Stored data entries

=-=-=-=-=

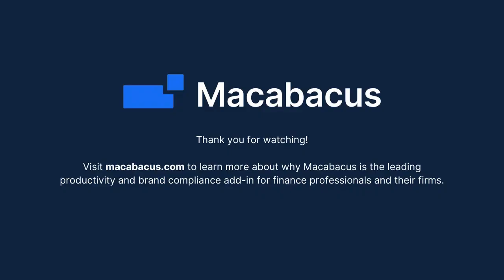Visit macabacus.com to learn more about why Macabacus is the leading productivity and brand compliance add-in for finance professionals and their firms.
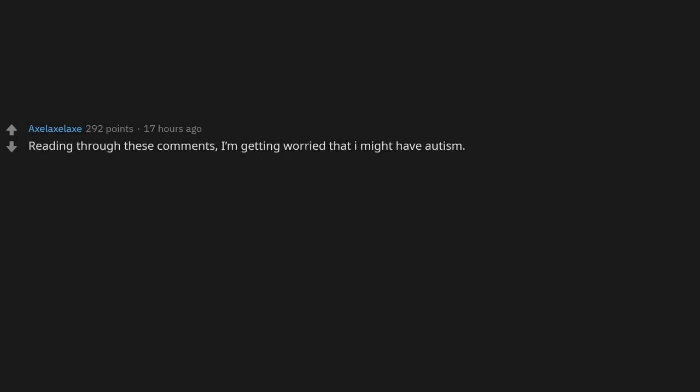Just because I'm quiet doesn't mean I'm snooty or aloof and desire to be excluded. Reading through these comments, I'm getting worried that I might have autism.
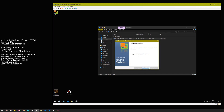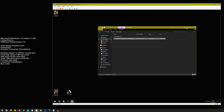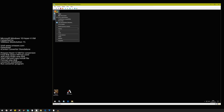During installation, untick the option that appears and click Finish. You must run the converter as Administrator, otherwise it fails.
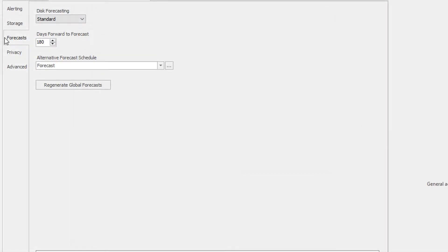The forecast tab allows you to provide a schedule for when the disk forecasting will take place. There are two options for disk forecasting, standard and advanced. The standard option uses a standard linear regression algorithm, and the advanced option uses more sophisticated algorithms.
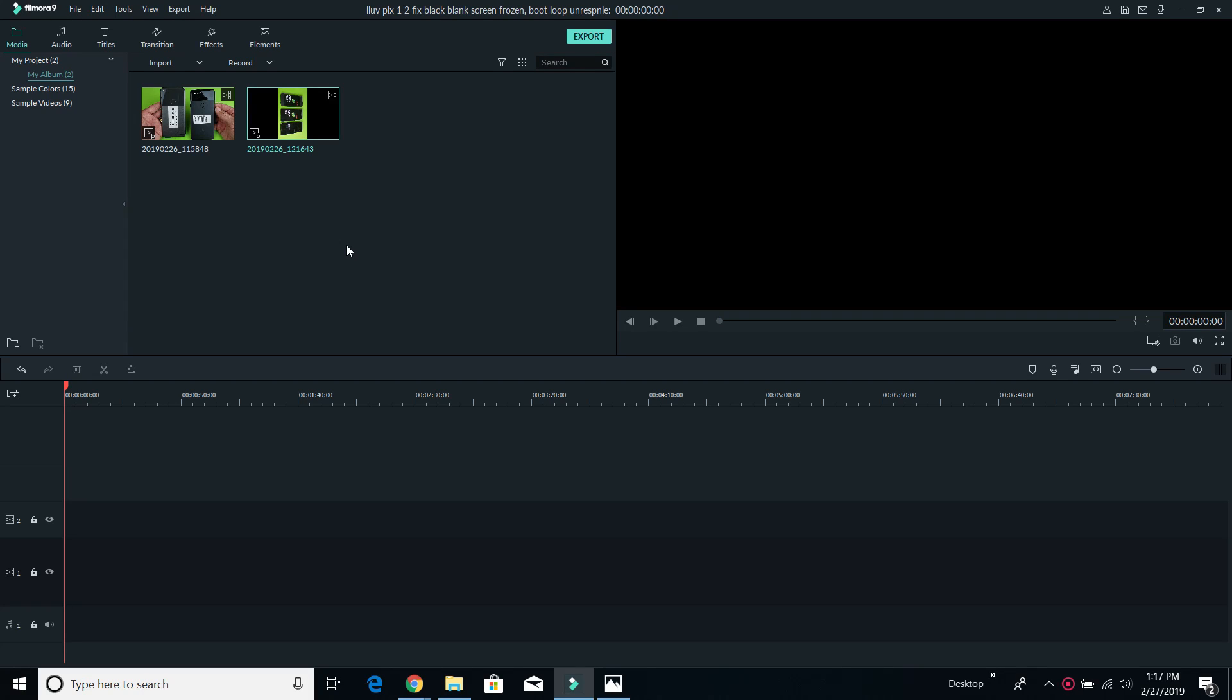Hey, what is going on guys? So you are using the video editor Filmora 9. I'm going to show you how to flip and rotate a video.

=-=-=-=-=

→ **EXERCISE**:
This exercise asks for an exact copy of the lines from the first one in the data through the line that contains "Just because I'm", pictures excluded.

→ **SOLUTION**:
Visit macabacus.com to learn more about why Macabacus is the leading productivity and brand compliance add-in for finance professionals and their firms.
Just because I'm quiet doesn't mean I'm snooty or aloof and desire to be excluded. Reading through these comments, I'm getting worried that I might have autism.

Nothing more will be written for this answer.